CurtMonash writes "Web analytics databases are getting even larger. eBay now has a 6 1/2 petabyte warehouse running on Greenplum — user data — to go with its more established 2 1/2 petabyte Teradata system. Between the two databases, the metrics are enormous — 17 trillion rows, 150 billion new rows per day, millions of queries per day, and so on. Meanwhile, Facebook has 2 1/2 petabytes managed by Hadoop, not running on a conventional DBMS at all, Yahoo has over a petabyte (on a homegrown system), and Fox/MySpace has two different multi-hundred terabyte systems (Greenplum and Aster Data nCluster). eBay and Fox are the two Greenplum customers I wrote in about last August, when they both seemed to be headed to the petabyte range in a hurry.
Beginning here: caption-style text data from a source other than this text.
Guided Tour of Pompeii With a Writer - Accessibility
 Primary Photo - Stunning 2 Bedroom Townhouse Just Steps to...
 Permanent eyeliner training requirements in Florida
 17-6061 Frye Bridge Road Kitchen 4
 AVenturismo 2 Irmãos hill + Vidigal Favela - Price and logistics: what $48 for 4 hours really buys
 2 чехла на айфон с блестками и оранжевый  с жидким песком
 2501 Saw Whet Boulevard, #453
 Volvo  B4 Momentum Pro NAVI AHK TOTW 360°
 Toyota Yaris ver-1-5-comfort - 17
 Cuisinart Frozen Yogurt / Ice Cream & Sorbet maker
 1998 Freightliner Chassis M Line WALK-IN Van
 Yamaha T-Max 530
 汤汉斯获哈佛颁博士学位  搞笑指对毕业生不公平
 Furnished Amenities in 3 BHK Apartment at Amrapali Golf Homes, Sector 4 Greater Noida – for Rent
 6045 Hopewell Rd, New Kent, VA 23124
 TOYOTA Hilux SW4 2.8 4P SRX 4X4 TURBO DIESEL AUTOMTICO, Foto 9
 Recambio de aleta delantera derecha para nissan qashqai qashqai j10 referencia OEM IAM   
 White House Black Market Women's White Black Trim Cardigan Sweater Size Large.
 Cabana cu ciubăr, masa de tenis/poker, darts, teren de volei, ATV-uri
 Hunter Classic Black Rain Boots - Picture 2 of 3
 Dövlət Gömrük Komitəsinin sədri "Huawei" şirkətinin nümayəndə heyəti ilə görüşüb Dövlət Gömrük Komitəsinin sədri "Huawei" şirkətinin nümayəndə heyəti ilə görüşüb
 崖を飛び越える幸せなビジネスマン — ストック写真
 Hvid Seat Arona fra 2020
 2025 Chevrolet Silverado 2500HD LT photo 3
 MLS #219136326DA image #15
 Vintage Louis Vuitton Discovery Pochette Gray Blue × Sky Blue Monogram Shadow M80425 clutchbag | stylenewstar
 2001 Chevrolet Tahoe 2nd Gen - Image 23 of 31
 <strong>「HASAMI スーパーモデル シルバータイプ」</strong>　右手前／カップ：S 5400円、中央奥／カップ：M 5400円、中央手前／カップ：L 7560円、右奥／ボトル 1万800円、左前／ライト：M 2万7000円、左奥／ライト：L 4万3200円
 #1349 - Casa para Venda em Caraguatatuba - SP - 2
These are basically all web log/clickstream databases, except that network event data is even more voluminous than the pure clickstream stuff."

2 of 62 comments (clear)

  1. Looks like grammar is getting every worse... by ActusReus · · Score: 1, Insightful

    For shame, Taco...

  2. Another win for PostgreSQL... by tcopeland · · Score: 3, Insightful

    ...since that's that database on which Greenplum is based. PostgreSQL 8.4 is coming out soon and looks like it's got a lot of improvements. Too bad replication didn't make it in... hopefully in 8.5.

    One of the improvements that looks good is the parallelized restore; RubyForge's upgrade from PostgreSQL 8.2 to 8.3 took 30 minutes to restore the db and it seems like this feature will speed that up considerably.